For the colonists it brought economic prosperity and industrialization. For the British it was shooting themselves in the foot. Intentional lax in order to show the appreciation for economic freedom while regulating the policy of mercantilism. Does it make any sense? One would question Robert Walpole’s sanity between all of this; however he is not our subject of concern. What you shall so sow so shall you reap; a very old and passed around saying isn’t it? But it does make sense in the context. The British for a very long period of time followed the policy and the colonist enjoyed its benefits.
Smuggling was nothing out of the blue, very common. Other European nations also benefitted from it, the Colonial agriculture products such as hay, wheat, barley, maize and cotton were valued highly in foreign markets. When the British annoyed at Colonial stubbornness to pay taxes, passed the writs of assistance; there was an outrage. There had to be one, like it did, smuggling was not put up with anymore and a flow of revenue generation created as a result of foreign trade stagnated. How were the merchants to run their businesses without the freedom of trading being allowed to them as it had always been?

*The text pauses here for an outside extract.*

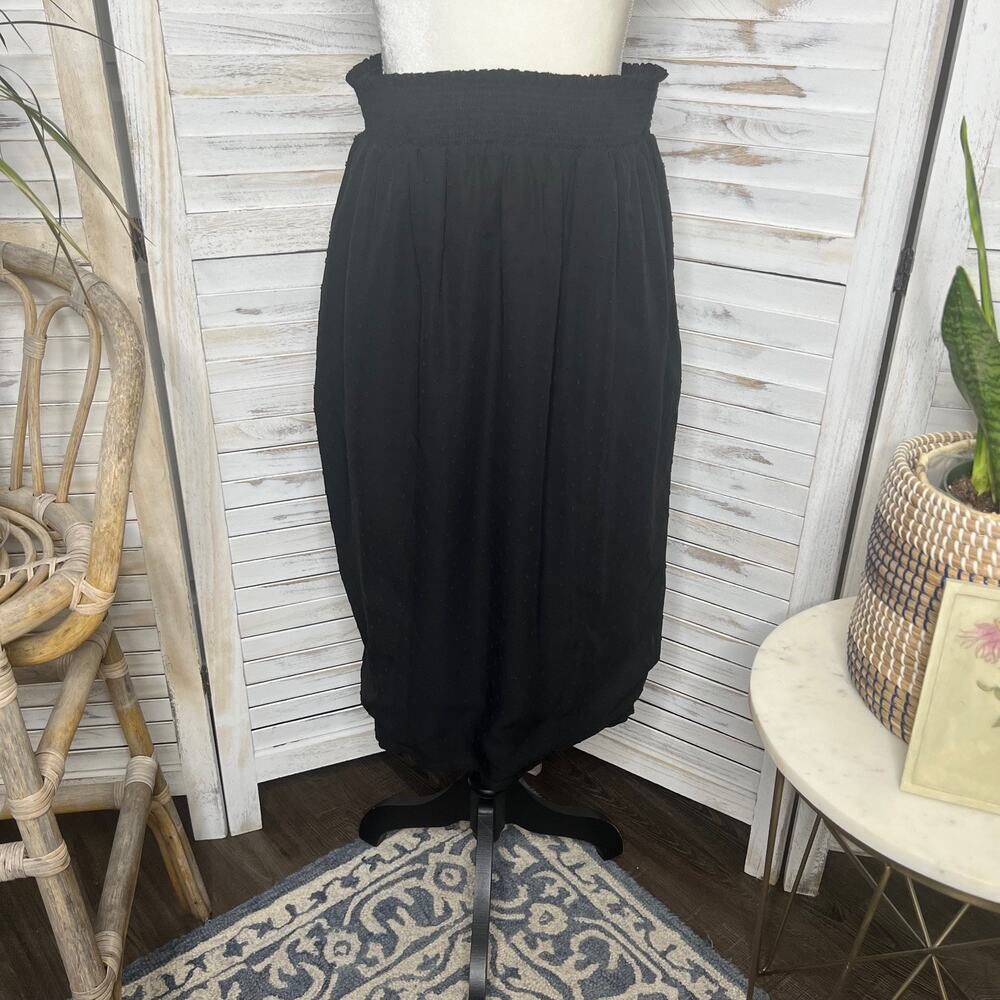 UNIVERSAL STANDARD Women's XS 10 12 Blair Swiss Dot Midi Skirt Chiffon Black - Picture 13 of 14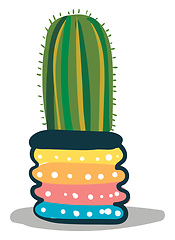 Image showing Drawing of a tall cactus plant in a designer flower pot provides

Hence there was an outcry by the merchants who went bankrupt as a result of such legislation. Ah! One cannot expect the theme to be talked about without the mentioning of taxes somewhere or another. The country was not at all familiar with taxes; once again it is necessary to mention that when we talk about being not being tampered for almost 150 years it is meant more than it sounds. Citizens in Britain were obliged to pay taxes, however their brethren in the New World were not. I do at times believe that absolute freedom corrupts absolutely, there should be some harnesses or bridles put on in order to let ivility root in or in this case for rule to sustain. When suddenly exposed to direct taxes such as Stamp Act and Sugar Acts why would it not cause havoc with in the colonists? It would lead to acrimony towards the crown like it did, it would lead to mass protests like it did and would lead to severing of ties like it did. In the beginning I wrote about how a historical event is subject to independent interpretation. How historians may or may not agree on something because of the different elements molding the shape of the basis for their knowledge.
I must confess that it is not arbitrary and applies to myself as it does to any other individual. I believe that evolution without revolution is lame and revolution without evolution blind, very similar to what Einstein said about religion and science. One thing is for certain though, nothing is by nature revolutionary. There has to be friction to beget fire. During the 150 year period evolutionary changes in political beliefs, social policies and economic mechanisms did take place otherwise the colonists would’ve never armed themselves to teeth and hoisted the flag of revolution.